APUNTES SOBRE UNA POSIBLE ESTÉTICA DE LA DESAPARICIÓN
FERRAN DESTEMPLE
Hoy en día todos nosotros estamos sometidos, consciente o inconscientemente, a diversos tipos de dictadura. Las hay obvias y las hay sutiles y, generalmente, todas ellas son rechazadas por la mayoría. Sin embargo algunas coexisten entre nosotros sin que seamos capaces de observarlas como tales, sin que podamos señalarlas con el dedo y al final acabamos aceptándolas con toda normalidad. Un caso paradigmático de este grupo sería la dictadura de la “visibilidad” que se ha convertido en un requisito imprescindible para nuestra supervivencia en la sociedad contemporánea.
Aún así, siempre se dan casos de artistas que han desarrollado su trabajo con el concepto antagónico, el concepto de desaparición, y que han situado su vida o su obra en los límites de la visibilidad: Los hay que han sido personajes esquivos (caso ejemplar el de J. D. Salinger pero también el del mallorquín Miquel Bauçà), otros que la han tratado como un hecho físico (el deterioro del material en el caso de W. Basinski o el borrado y la velocidad en Aram Slobodian), y algunos más que han llevado la desaparición hasta el último extremo (tal sería el caso del poeta dadaísta Arthur Cravan).

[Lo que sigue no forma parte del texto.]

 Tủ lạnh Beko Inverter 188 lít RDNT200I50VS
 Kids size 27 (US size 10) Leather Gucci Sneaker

Todos estos serían casos posibles en un hipotético catálogo de estetas de la desaparición. Sin embargo en este artículo nos centraremos en el caso, bastante conocido por cierto, del escritor suizo Robert Walser. Robert Walser vivió durante la primera mitad del siglo XX, llegando a conseguir un cierto reconocimiento, un cierto éxito literario. Pero aún así, siempre vivió de una forma un tanto desordenada y adoptó para con sus conciudadanos una actitud vital un tanto descreída, un tanto distante que le fue perturbando progresivamente. Ya desde 1929 empezó a sufrir episodios de alucinaciones, ataques de ansiedad y miedos nocturnos y en 1933, a la edad de 55 años, decidió ingresar voluntariamente en un sanatorio psiquiátrico de la ciudad de Herisau donde falleció en la navidad de 1956.

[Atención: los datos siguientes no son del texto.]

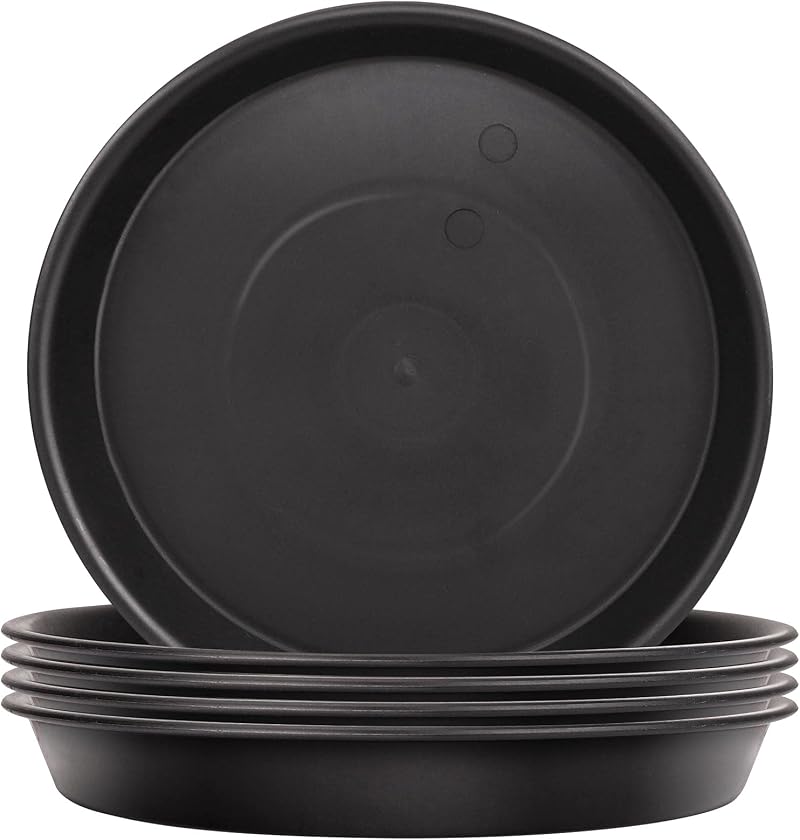 TStarJungle 5 Pack Plant Saucers 36cm Indoor Outdoor Flower Pot Trays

Siempre se había creído que al ingresar en el sanatorio Walser había dejado la escritura definitivamente, que su exilio personal también lo era artístico y que únicamente se dedicaba al noble arte del paseo. Sin embargo el escritor suizo no pudo o no quiso dejar de hacerlo y continuó escribiendo centenares de pequeños fragmentos sobre cualquier tema o suceso que le despertara la curiosidad. Estos fragmentos escritos, generalmente a lápiz, lo están sobre hojas de papel que iba guardando sin ningún orden conocido. No importaba el tema, no importaba la secuencia, lo único importante era el hecho de escribir, escribir compulsivamente, sin un fin preestablecido, sin objetivo. Es entonces, en estos textos donde su escritura comenzó a sufrir algunas mutaciones físicas: empezó a utilizar algunas abreviaciones que solo él entendía, su letra fue disminuyendo de tamaño y cada vez se hizo más compacta. Tanto implosionó su grafía que la lectura de sus textos se hizo prácticamente imposible ya que se convirtió en una masa indescifrable parecida a la resultante de un sismógrafo emocional que registrara los impulsos incontenibles del escritor.
Llegados a este extremo nos preguntamos sobre el mérito artístico de los trabajos de Robert Walser. Sin duda sus escritos tienen un valor literario indudable y con el tiempo sus obras se han ido reeditando y adquiriendo un gran prestigio. Sin embargo, ¿no es también esa tendencia hacia lo mínimo, hacia lo microscópico, hacia ese deseo incontenible de desaparición una obra artística? ¿No es también una obra de arte, la acción de negarse, ese nihilismo implícito que podemos deducir de su actitud respecto de la escritura? En definitiva, ¿no se desplazaría su arte desde la literatura hacia la escritura, desde lo mayúsculo a lo minúsculo, desde el contenido y la forma a la acción, desde la existencia hacia la disolución?
Actualmente podemos ver los microgramas de Robert Walser, incluso leerlos ya que están disponibles, también en castellano, en una edición de Siruela. Pero sin embargo, lo que nos ha estado negado es observar cómo el escritor ejerció ese acto de disolución en su escritura, cómo se liberó del “tedio de la pluma”, como disciplinó su mano para ir desapareciendo poco a poco. Todo ello nos ha sido negado por el implacable paso del tiempo que establece los acontecimientos en el espacio. Pero en un ejercicio anacrónico sí podemos utilizar otra obra artística para, implícita e indirectamente, observar el deseo irracional, fuera del sentido, que significa ese acto de extinción.
Como crédulos voyeurs podemos observar a escondidas ese ansia de implosión de la escritura, ese hecho físico de deseo de desaparición en el caso verídico de Emma Hauck y en la realización de la ficción que hicieron los hermanos Quay en el cortometraje “In absentia”. No viene a cuento explicar quienes son los hermanos Quay ni lo amplio e interesante de su obra que abarca desde la ilustración hasta la realización cinematográfica. En este cortometraje filmado en un magnífico blanco y negro, no se relata que Emma Hauk pasó los últimos once años de su vida en un sanatorio ni las vicisitudes personales de su vida, simplemente se filma como escribe compulsivamente (implosionando también su escritura en el espacio y en el tiempo) cartas a su difunto marido, todas ellas compuestas por una única frase que repite compulsivamente una y otra vez “Cariño, ven”. Los autores han prescindido de los elementos biográficos para buscar una forma de expresión visual que nos introduzca en la demencia, en ese acto artístico que no se encuentra en lo que dicen las grafías, sino en el acto mismo de escribir.
La interpretación fílmica de los Hermanos Quay del caso verídico de Emma Hauck (aunque antagónico al deseo consciente de desaparición en la escritura que ejecutó Robert Walser) nos sirve para acercarnos a ese deseo de disolución, al acto físico de negación de la literatura para adentrarnos irremediablemente en el terreno escurridizo de la escritura.